A wee history lesson will help to set the scene. Nashotah House is/was a seminary of the Episcopal Church nestled in the woods of what had been the frontier in Wisconsin. Established in 1842, it was originally conceived of as a monastery — an ethos it has tried to maintain ever since. It is a residential campus with both students and faculty required to live on the school grounds. I taught there from 1992 to 2005, long enough to see some strange things.
I admit up-front that I don’t know what to believe about ghosts. Very nearly ubiquitous as a cultural phenomenon (and firmly related to religion), ghosts permeate the human imagination. It is not at all unusual that ghost stories should thrive in a gothic setting like Nashotah; a simple web search will bring out the traditional hauntings of the place, especially those of the black monk. When I made my first visit to campus there were some distinctly creepy vibes that I wrote up as being non-priestly jitters amid the secretive life of the black-robed clergy. For my first two years I would be there for just part of the week, so instead of the usual faculty house to reside in, I was assigned to live in an apartment in Webb Hall. Known simply as “the Fort” for the solidity of its limestone block construction, Webb Hall had been built for a former dean, Rev. Dr. Azel Cole, as a grand three-story residence for the priest and his wife, Betsy. (Episcopal priests can marry, creating a steady siphoning of Roman Catholic priests who love both the liturgy and the ladies.) My apartment was on the third floor of the Fort, the highest point on campus. As the living dean showed me around, I had that oppressive, “something’s not right” feeling, despite the fact that the living room had been newly furnished and had a spectacular view across campus.

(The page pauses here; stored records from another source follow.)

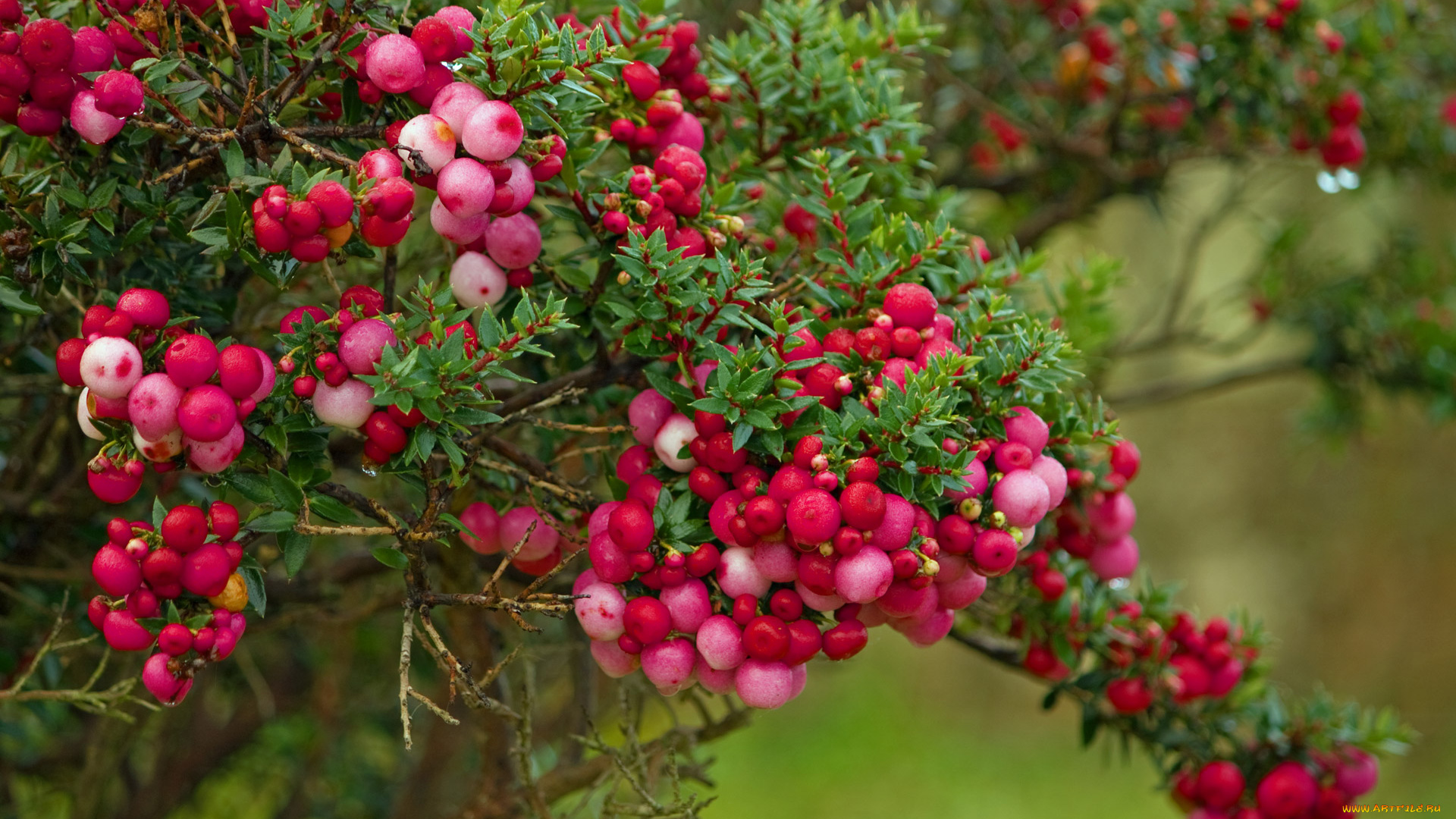 природа, Ягоды, куст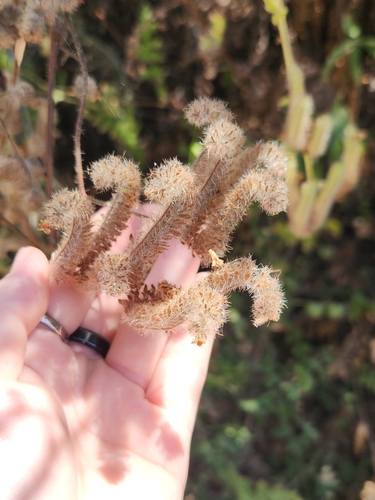 iNaturalist observation photo of branching phacelia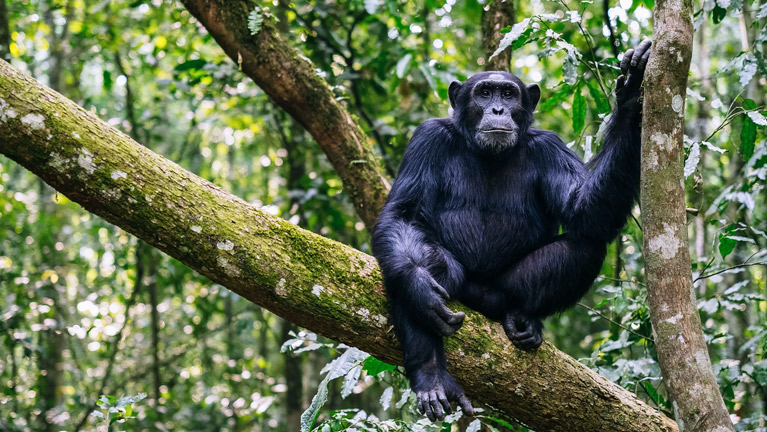 7 Days Tanzania Western Safari to Mahale, Gombe and Kigoma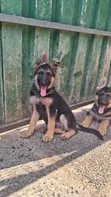 Female Purebred German Shepherd Puppy (3-6 Months) - 1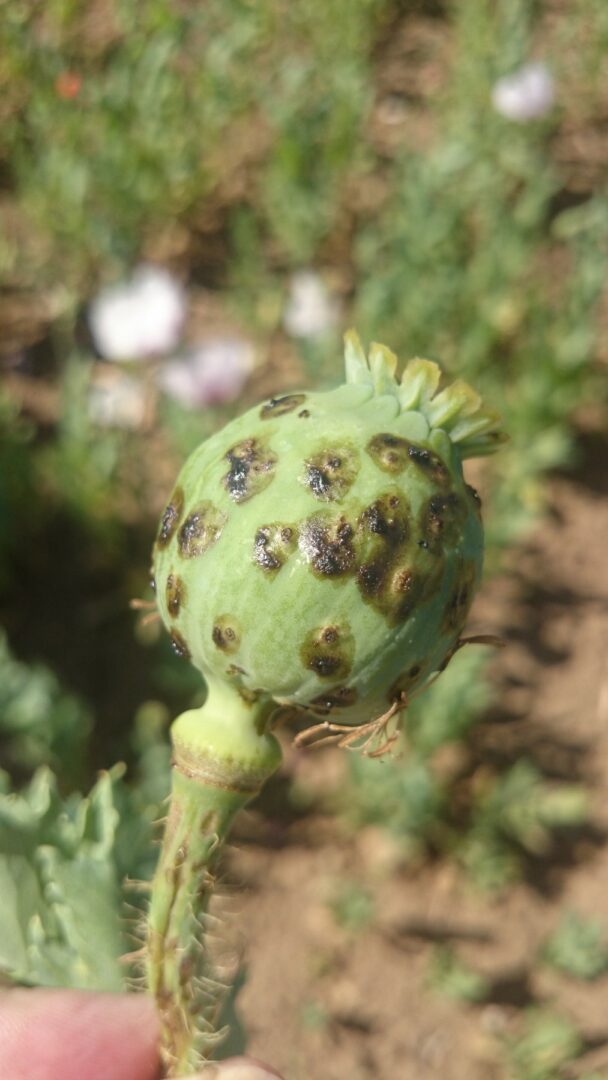 Helminthosporium papaveris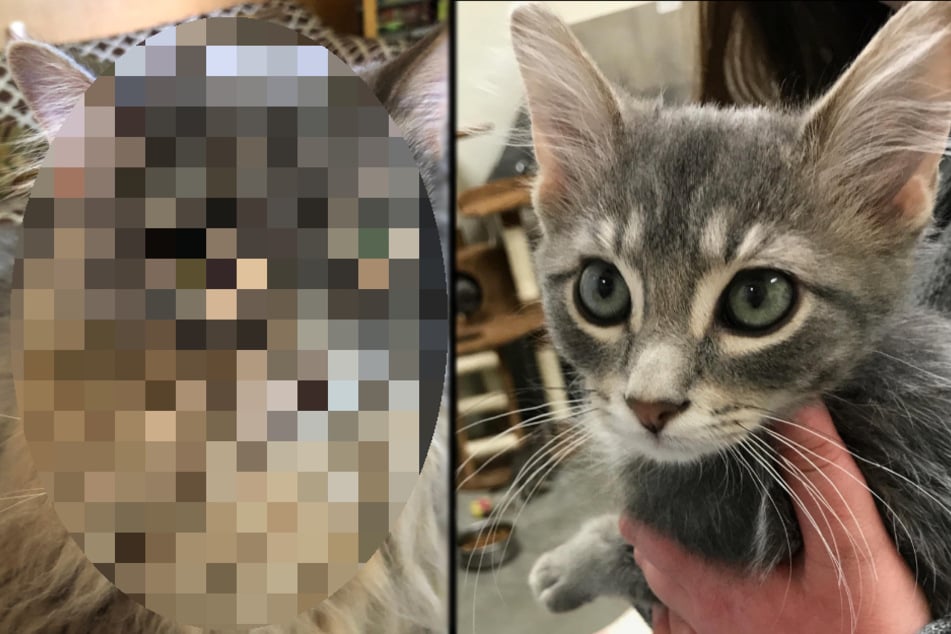 Frau holt sich Katze aus Tierheim: Ein Jahr später sind alle begeistert, wie diese jetzt aussieht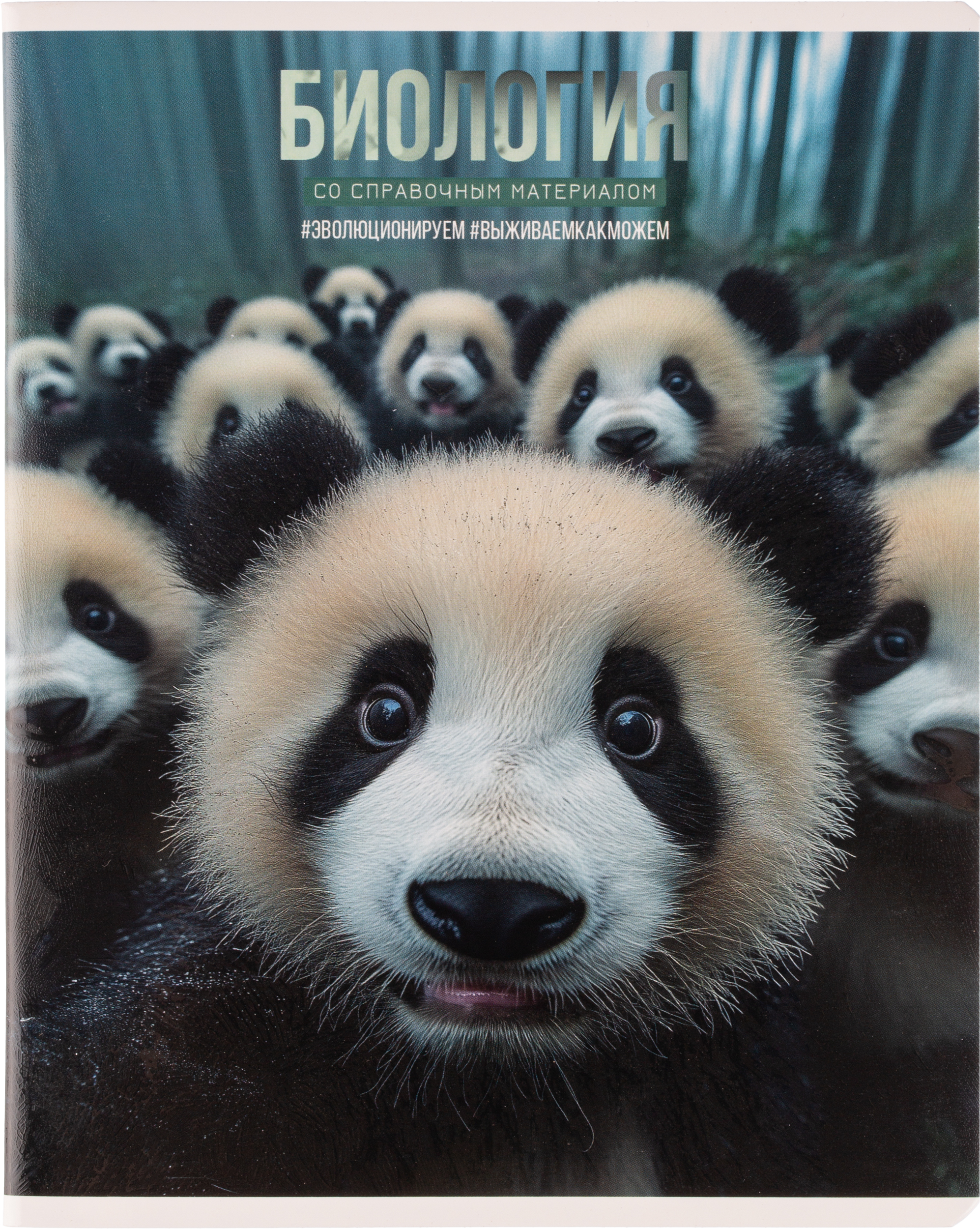 Тетрадь Комус клетка - фото 39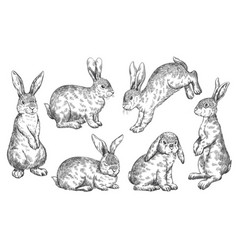 Wild Bunny Sketch Sketched Rabbit Or Hare Retro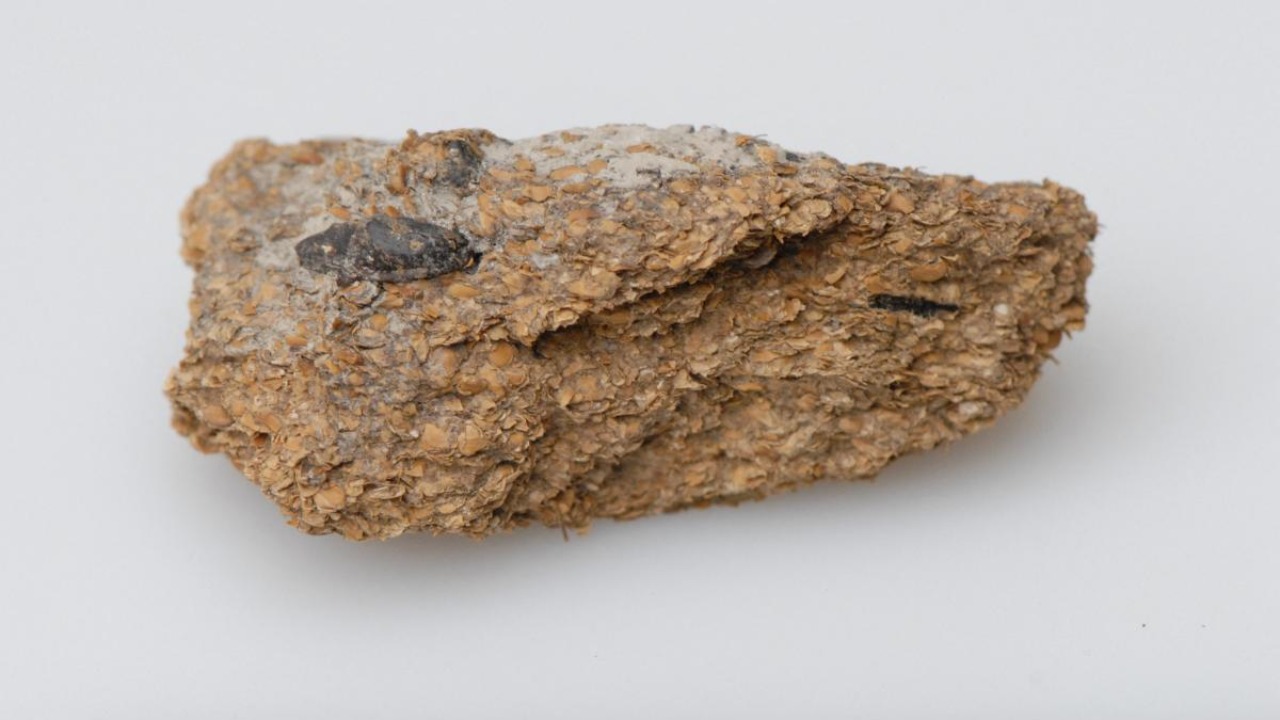 This undated image courtesy of the Museum of Natural History of Vienna (NHMW), shows a 2,600-year-old human excrement from the Hallstatt salt mines in which beans, millet and barley are clearly visible. Credit: AFP Photo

The dean pointed out the amenities of the spacious apartment, but when we reached the kitchen/dining area, we found something unusual. In the very center of the floor was a single dining plate, shattered. The dean muttered something about how the cleaning lady must have missed it on her rounds when she had prepared the apartment for my arrival. Otherwise the apartment was spotless. There was a door leading to a private chapel that Dean Cole had constructed. I was told it was no longer used since the only access was through the apartment, but the dean supposed I would be interested in seeing it. We stepped inside and it was coated with cobwebs and a thick layer of dead black-flies covered the floor, especially near the windows. The dean informed me that it was kept locked to prevent clandestine, unapproved Masses from being performed there by renegade priests on the faculty.
The creepiest room, however, was my bedroom. A spare room (for sleeping only, no doubt), furnished with only a new bed and side-table, it nevertheless felt crowded. When something finally did happen in that room it was after I had moved to a regular faculty residence.